If it is determined negative in step S3 by maintaining the input rotational speed in the predetermined range or in the predetermined range, the routine shown in FIG. 1 is temporarily terminated. On the other hand, if the determination is positive in step S3 because the input rotational speed is out of the predetermined range or has changed so as to deviate, the moment of inertia and power of the first motor / generator 2 are determined. Based on the gear ratio of the planetary gear mechanism constituting the dividing mechanism 3 or the gear ratio between the first motor / generator 2 and the clutch 5, a correction torque for the torque of the first motor / generator 2 is obtained. The torque is corrected (step S4). The correction torque can be determined by the inertia torque when changing the input rotational speed to the target rotational speed and the torque difference according to the difference between the rotational speeds, and can be calculated by the following equation (2), for example. .
Here, Tg_add is the correction torque, Ig is the moment of inertia of the first motor / generator 2, and ΔNin _tgt is the allowable rotational speed from the target rotational speed. Therefore, the predetermined range is centered on the target rotational speed. ± ΔNin _tgt . Furthermore, Δt is the time required for the input rotation speed to be out of the predetermined range, and can be obtained based on the change gradient of the input rotation speed. Tg _ofset is a torque required to return the input rotational speed to the target rotational speed, and can be obtained from the deviation between the input rotational speed and the target rotational speed.
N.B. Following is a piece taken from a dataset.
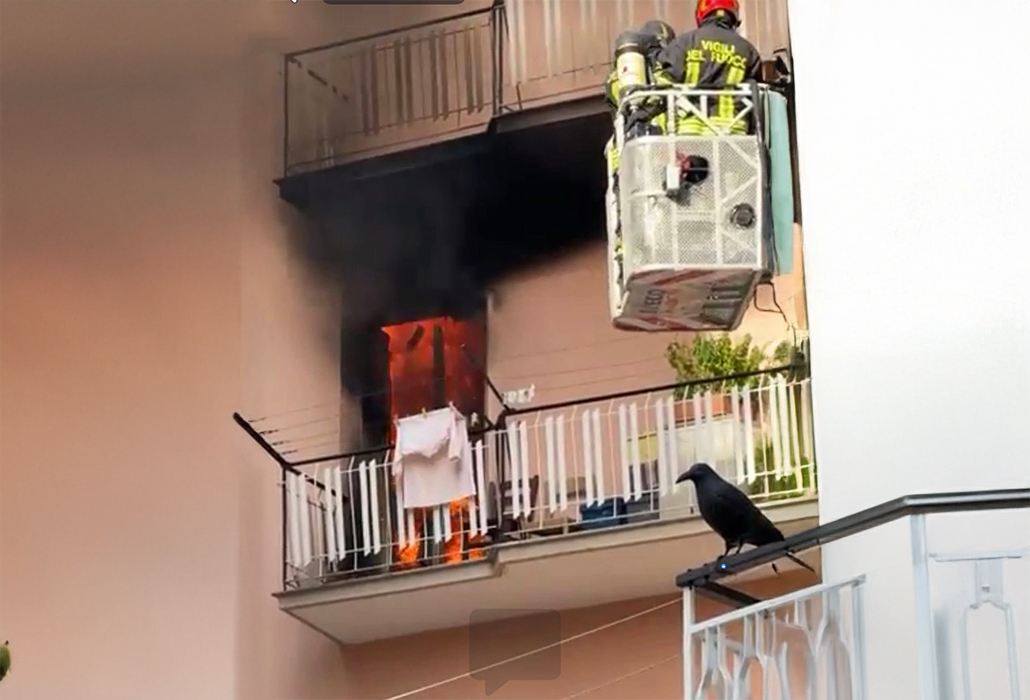 Manfredonia, incendio in un appartamento: paura in palazzina, anziana salvata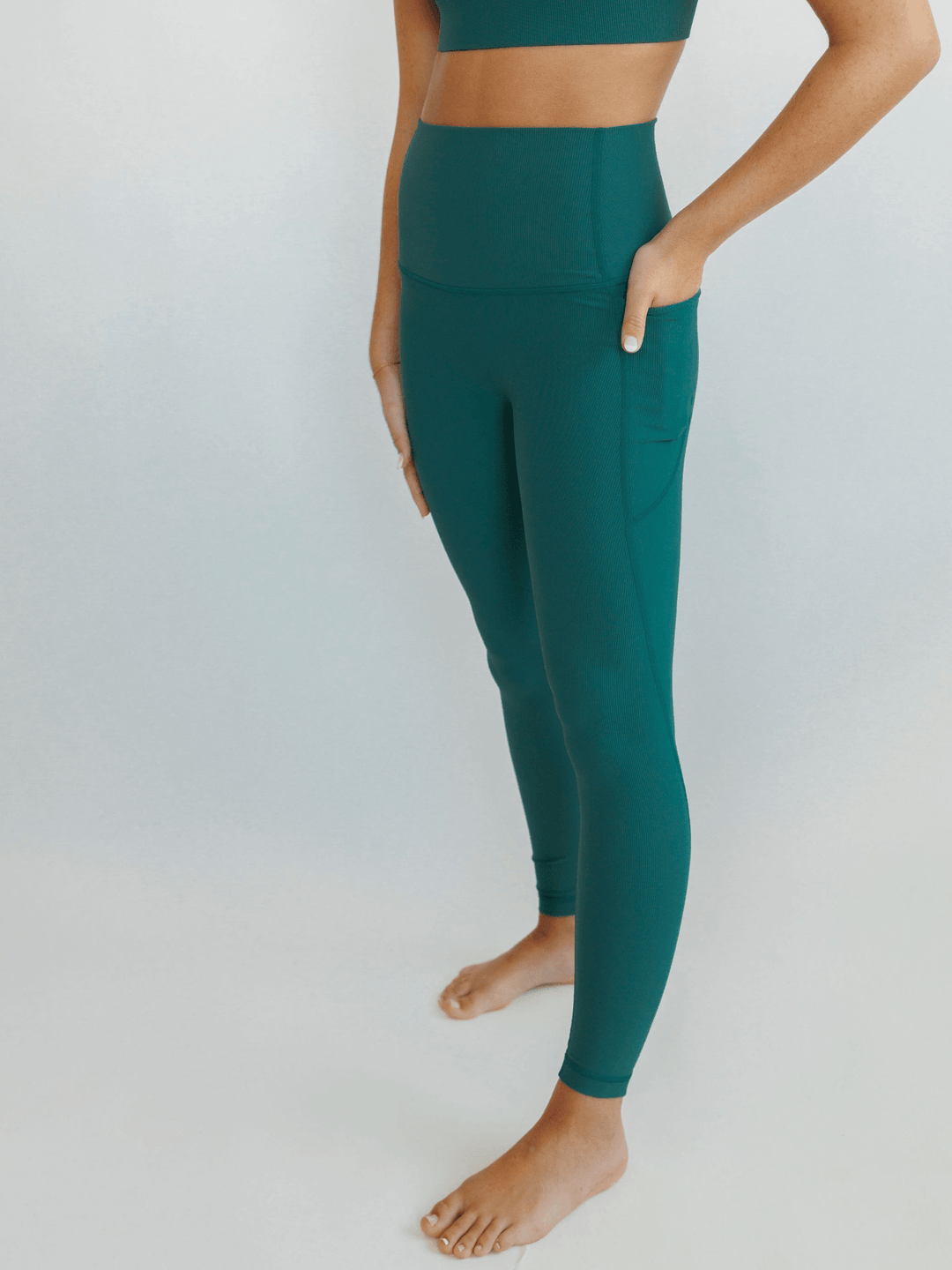 Laguna "Nova" Compressive Ribbed Soft and Supportive Pocket Leggings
  The torque command value of the first motor / generator 2 is corrected by the correction torque Tg_add when the input rotational speed deviates from the target rotational speed by a predetermined value or more. For example, when the input rotational speed decreases by a predetermined value or more with respect to the target rotational speed, the torque command value of the first motor / generator 2 is increased, and conversely, the input rotational speed is a predetermined value with respect to the target rotational speed. When the rotational speed is high as described above, the torque command value of the first motor / generator 2 is decreased. Changes in the torque command value, the clutch torque command value, and the rotation speed of the first motor / generator 2 when such correction control is performed are shown in FIG. 2 and FIG. 3 as compared with the case where correction control is not performed. It is shown as a chart.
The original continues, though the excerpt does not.